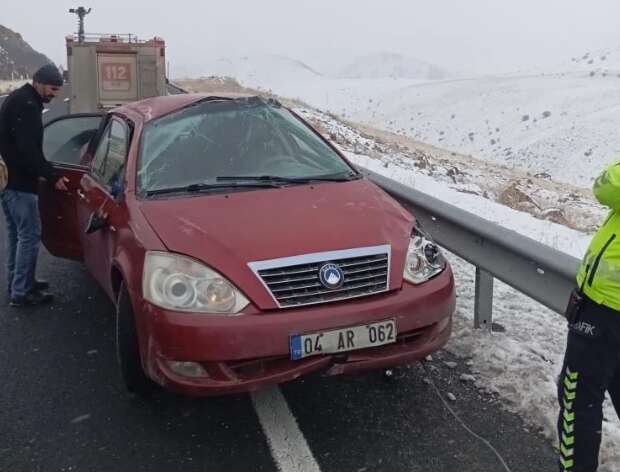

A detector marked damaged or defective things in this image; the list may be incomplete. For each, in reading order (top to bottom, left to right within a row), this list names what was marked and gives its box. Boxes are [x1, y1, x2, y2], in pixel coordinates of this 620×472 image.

damaged red car [40, 94, 456, 396]
crumpled hood [138, 179, 414, 308]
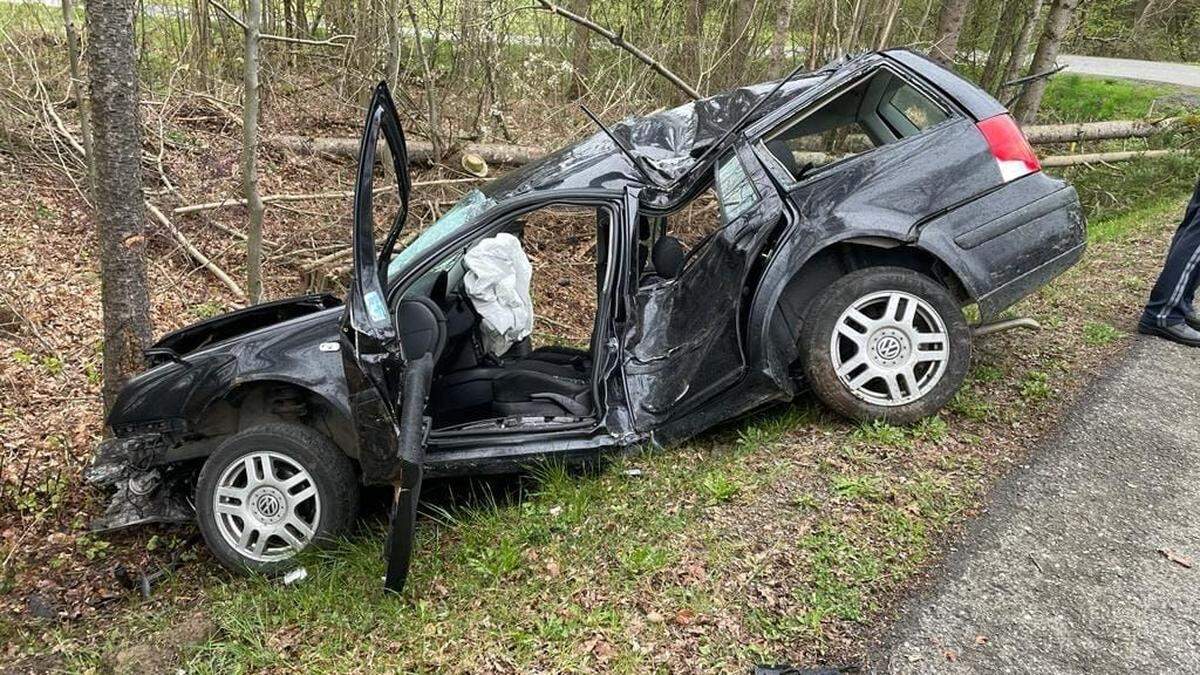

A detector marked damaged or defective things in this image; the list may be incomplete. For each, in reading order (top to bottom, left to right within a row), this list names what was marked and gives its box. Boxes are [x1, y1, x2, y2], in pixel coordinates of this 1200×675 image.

crumpled car roof [477, 73, 825, 200]
shattered windshield [386, 187, 494, 277]
wrecked black car [91, 51, 1089, 588]
damaged front bumper [85, 429, 192, 530]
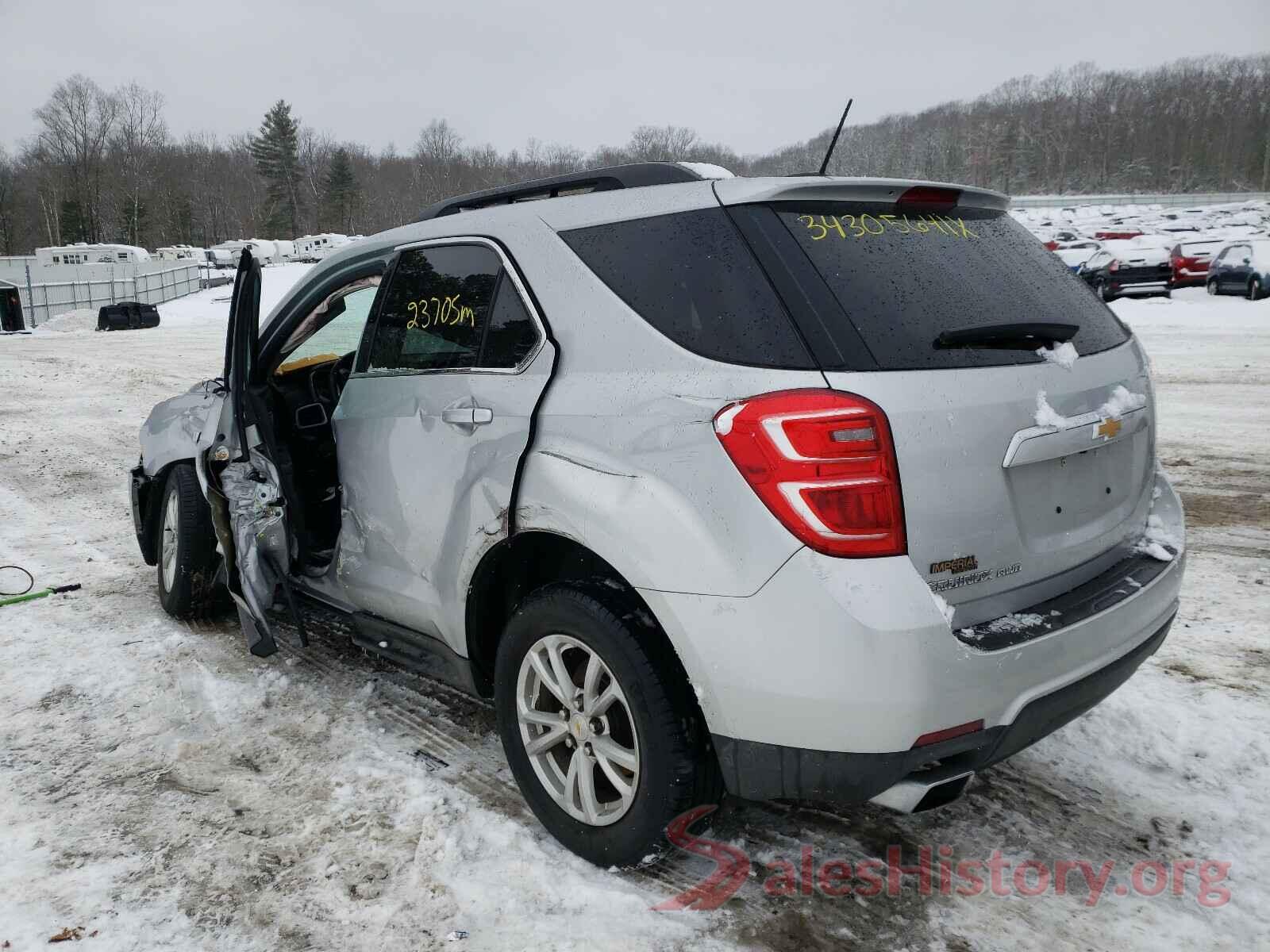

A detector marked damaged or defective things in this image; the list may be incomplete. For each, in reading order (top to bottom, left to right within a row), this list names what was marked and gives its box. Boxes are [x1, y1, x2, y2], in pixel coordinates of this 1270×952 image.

damaged silver suv [129, 162, 1178, 863]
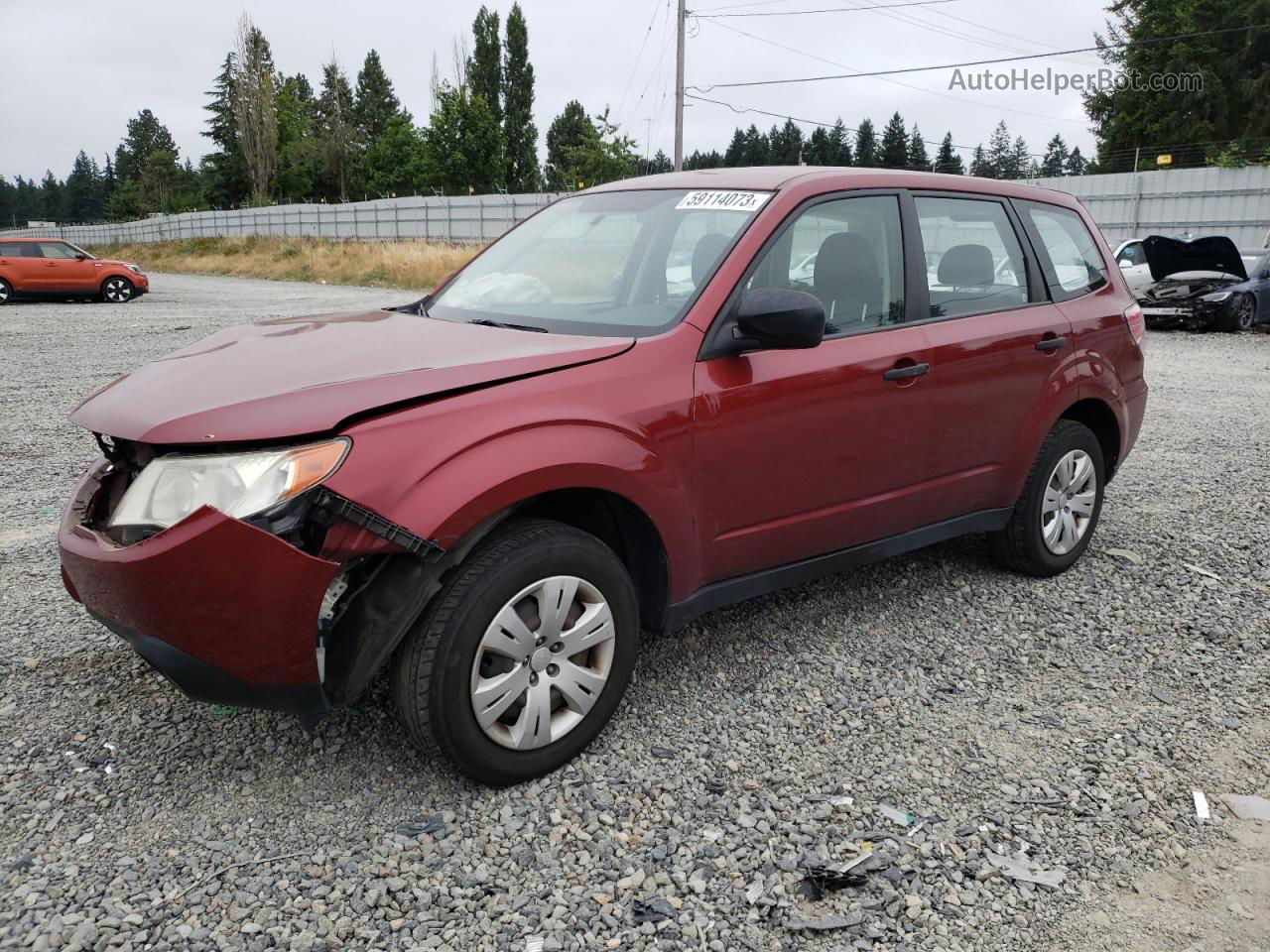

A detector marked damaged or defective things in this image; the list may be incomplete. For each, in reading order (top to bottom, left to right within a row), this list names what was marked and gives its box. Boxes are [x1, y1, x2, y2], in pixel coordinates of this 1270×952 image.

damaged black car [1137, 234, 1264, 332]
cracked headlight [107, 438, 347, 533]
exposed front wheel well [1062, 398, 1122, 479]
damaged front bumper [59, 459, 340, 715]
exposed front wheel well [515, 492, 675, 635]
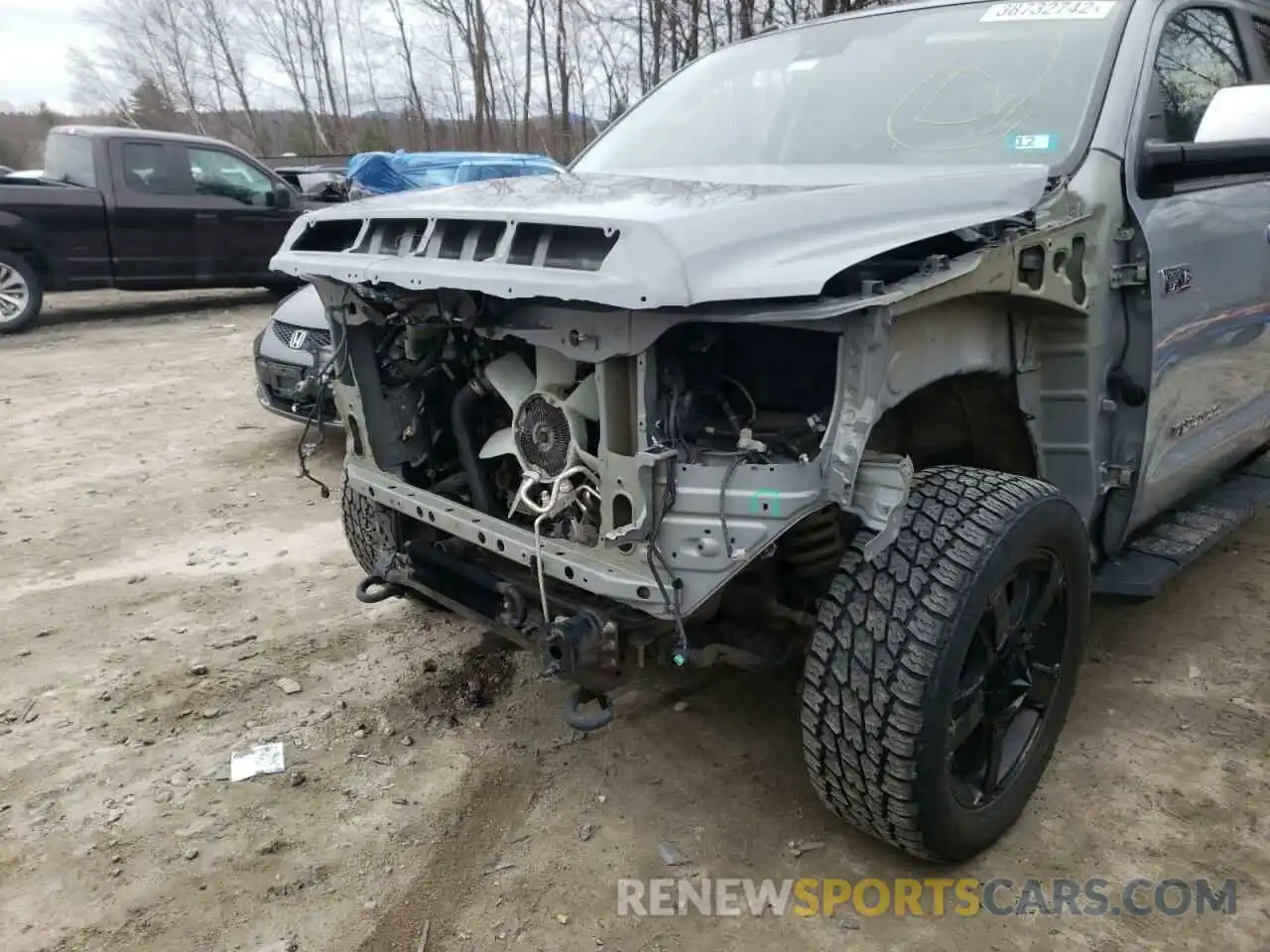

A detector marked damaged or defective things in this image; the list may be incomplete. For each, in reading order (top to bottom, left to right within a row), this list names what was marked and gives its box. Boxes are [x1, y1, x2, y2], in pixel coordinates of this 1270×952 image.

damaged pickup truck [273, 0, 1270, 863]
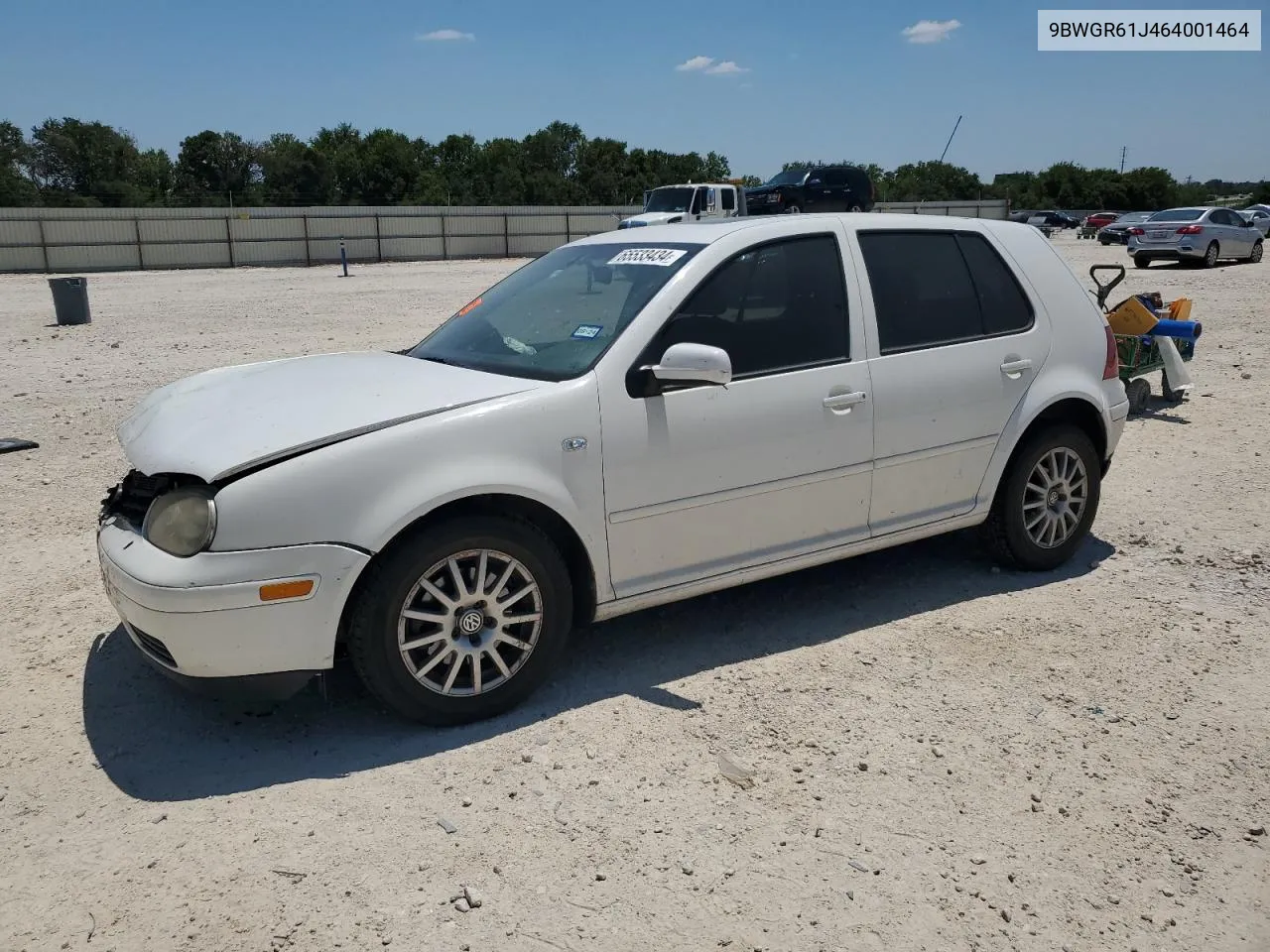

==========

YOUR INSTRUCTIONS:
In your copy, exclude the pictures and repeat each entry above exactly.

ANSWER SPACE:
A detector marked damaged or defective things in this image; the list may be incomplete. For each, in reading order (top to bottom, left to right within a row), this list names what was marked and gives its box. Boxes are [x1, y1, x2, y2], in pixel coordinates of this 620×472 image.

damaged red car [40, 94, 456, 396]
crumpled hood [138, 179, 414, 308]

A detector marked damaged or defective things in this image; the list may be incomplete. For each, in reading order (top to bottom, left to right within a row), this list names what was marked and gives its box. Boxes are [x1, y1, x2, y2], in pixel coordinates of this 1200×675 image.

crumpled car roof [477, 73, 825, 200]
shattered windshield [386, 187, 494, 277]
wrecked black car [91, 51, 1089, 588]
damaged front bumper [85, 429, 192, 530]

A detector marked damaged or defective things in this image; the list may be incomplete. For each, in reading order (top to bottom, left to right within a row), this list names what was marked and gives its box. Boxes are [x1, y1, x2, y2], in pixel coordinates of this 1270×952 image.

damaged silver suv [129, 162, 1178, 863]

A detector marked damaged or defective things in this image; the list may be incomplete. For each, in reading order (top to bottom, left to right within a row), this list names what was marked and gives its box. Boxes are [x1, y1, x2, y2], in pixel coordinates of this 1270×952 image.

damaged black car [1137, 234, 1264, 332]
cracked headlight [107, 438, 347, 533]
exposed front wheel well [1062, 398, 1122, 479]
damaged front bumper [59, 459, 340, 715]
exposed front wheel well [515, 492, 675, 635]

A detector marked damaged or defective things in this image; the list may be incomplete. For each, in reading order (top to bottom, left to right within a row), this list names what was marked and gives its box. Boxes are [x1, y1, x2, y2], in pixel coordinates of this 1270×952 image.

damaged pickup truck [273, 0, 1270, 863]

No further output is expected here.